There are now still exceptional VOA services and reporters, but I must say sadly that VOA news reporting in general is nearly as bad now as it was in the 1940s. VOA is now largely irrelevant on social media when compared to BBC, Russia’s RT or any large U.S. newspaper. I can’t imagine the Voice of America during the years I had worked there commissioning a U.S. Government-funded poll in a Soviet-occupied territory and later proclaiming without any questions asked that the vast majority enthusiastically supports the Russian rule, as BBG and VOA did in Crimea shortly after it was illegally annexed by Russia. Even worse, BBG and VOA officials would not admit that they had done anything wrong. I would bet that they have never heard of the Welles Declaration

[ref] Welles Declaration[/ref]

which for decades guided the U.S. policy of non-recognition of the 1940 Soviet annexation of the Baltic states. If they did, they would have thought twice about doing a poll in Russia-annexed Crimea, not to mention the fact that according to U.S., Russian and Ukrainian experts a public opinion poll under these circumstances could not produce valid results.

Then as now, the problem was not so much official censorship, which has largely disappeared, as it was bureaucratic incompetence, poor leadership and waste of resources. The BBG firewall designed to protect VOA from White House and State Department policy directives did nothing to eliminate mismanagement. The 1976 VOA Charter largely took care of official censorship issues, but it did not solve the management problem. The BBG legislation only made BBG officials more unaccountable.

Any new legislative reforms should focus primarily on eliminating bureaucratic waste and making both VOA and surrogate broadcasters journalistically more independent, but also accountable. VOA and the surrogates definitely do not belong together, as they have different missions and perform best on their own.

I must admit that what made the VOA Polish Service successful when I was a service chief, was a refocus on Poland-related news, but with a strong U.S. perspective. I listened to RFE on shortwave radio in Washington to find out what was really going on in Poland to plan our broadcasts appropriately, but VOA would never have been able to match RFE’s ability to report surrogate news and provide surrogate commentary. However, by focusing on U.S. responses to events in Poland, VOA provided a valuable service both to the people of Poland and to the American people who are paying for U.S. international media outreach. For strategically important countries, and for some countries in crisis, having both VOA and surrogate broadcasts makes good sense. For most countries such duplication should be avoided.

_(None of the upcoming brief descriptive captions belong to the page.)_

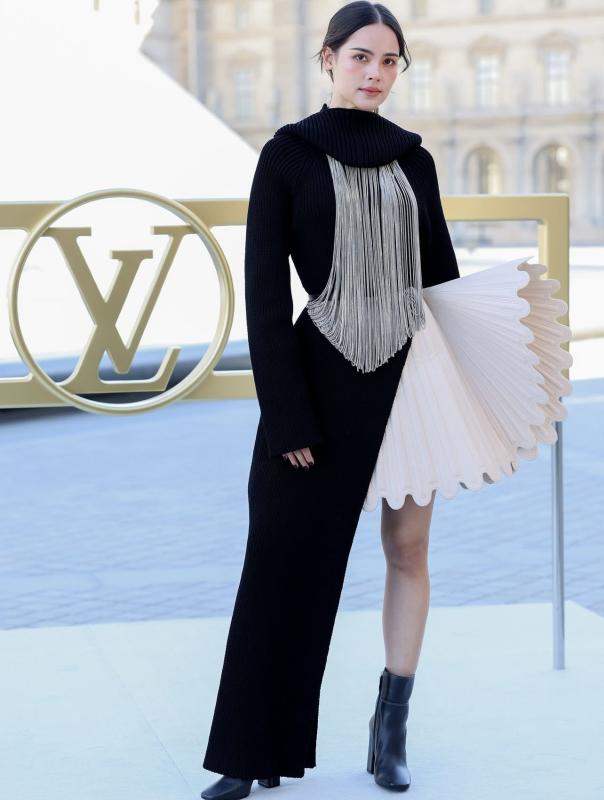 Lisa hôm nay là “búp bê sống”, cùng dàn sao khủng đổ bộ show Louis Vuitton- Ảnh 11.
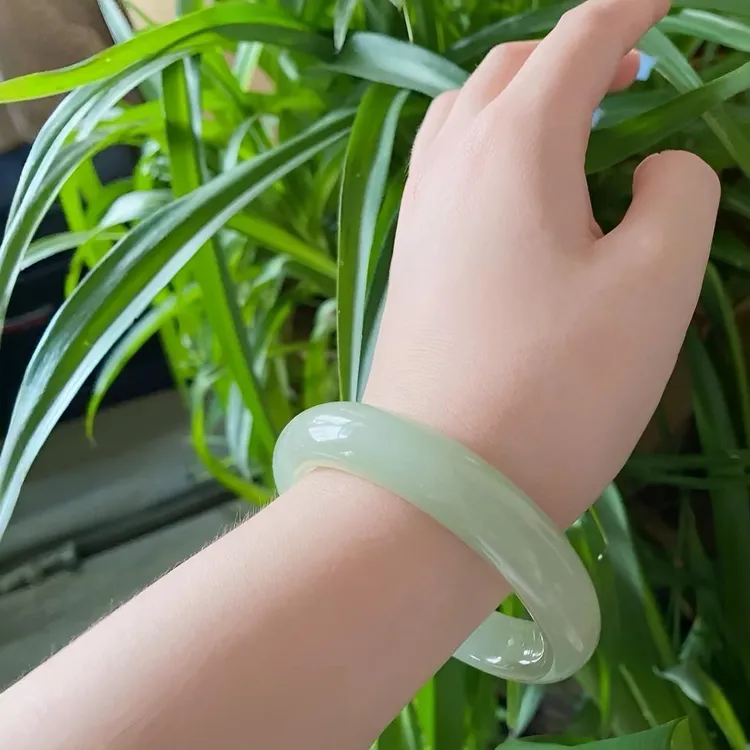 【专属】新中式天然冰晴绿玛瑙玉髓手镯送礼物多样性发一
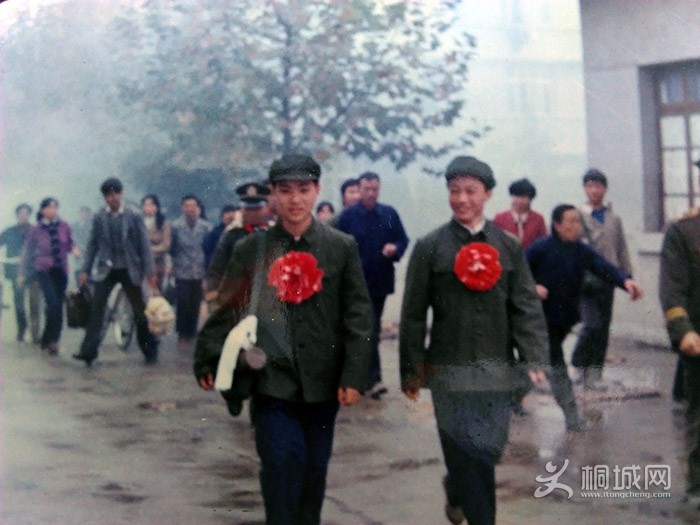 ������龰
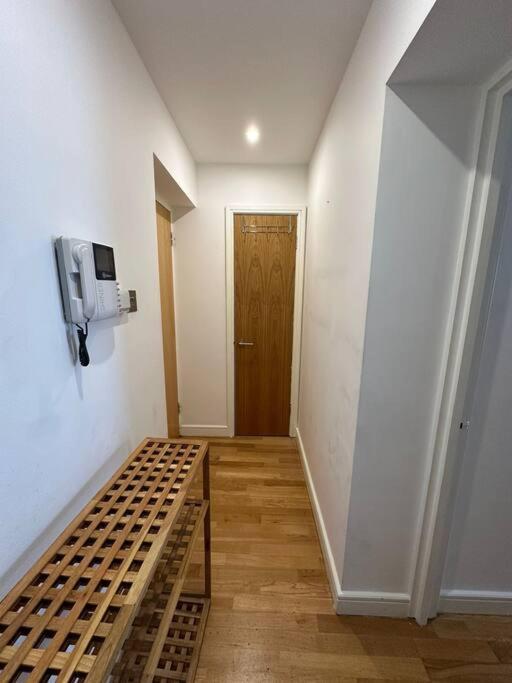 شقة Two Br Flat 5 Mins Walk From London Eye G96 المظهر الخارجي الصورة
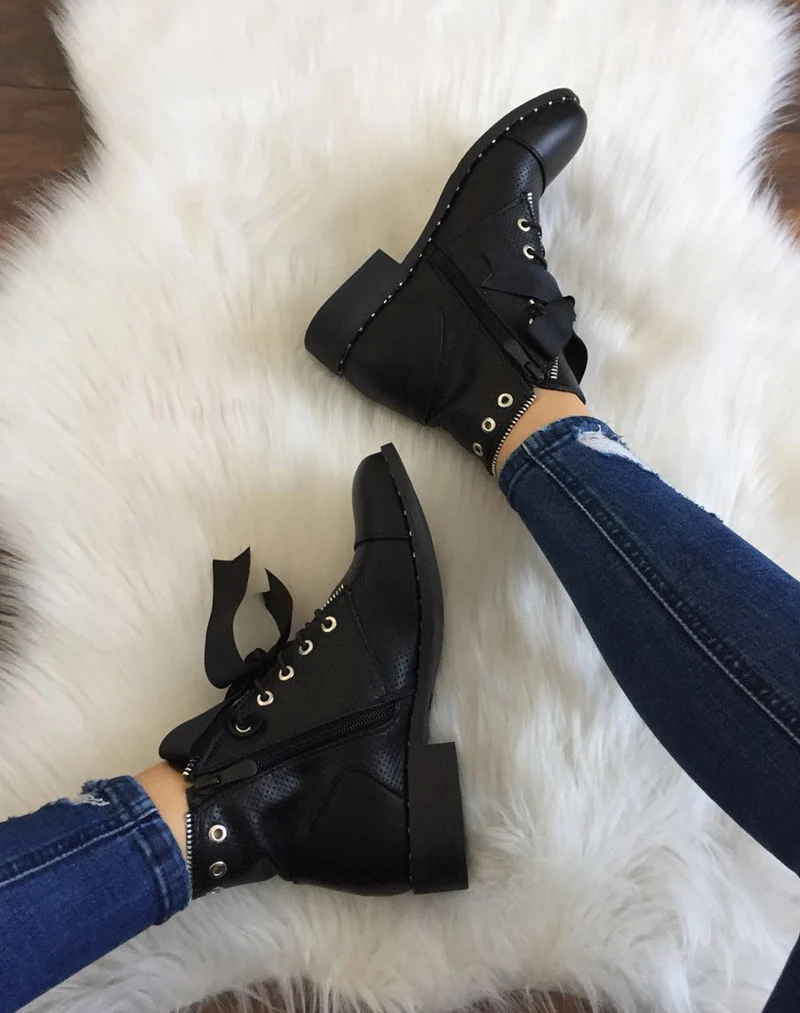 Bottines noires perforées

Arguments that a central Washington bureaucracy can run all of U.S. international media outreach are a recipe for keeping the defunct status quo. It is worth remembering that prominent Americans of both political parties, including General Eisenhower and George Kennan, pushed hard for creating Radio Free Europe as a separate, non-governmental entity after concluding that Washington-based VOA has become ineffective. Thanks to them, RFE/RL became the great success story of the Cold War. Eventually VOA also managed to play a constructive role. But VOA never came close to having the kind of influence and impact RFE/RL had and continues to have in some countries.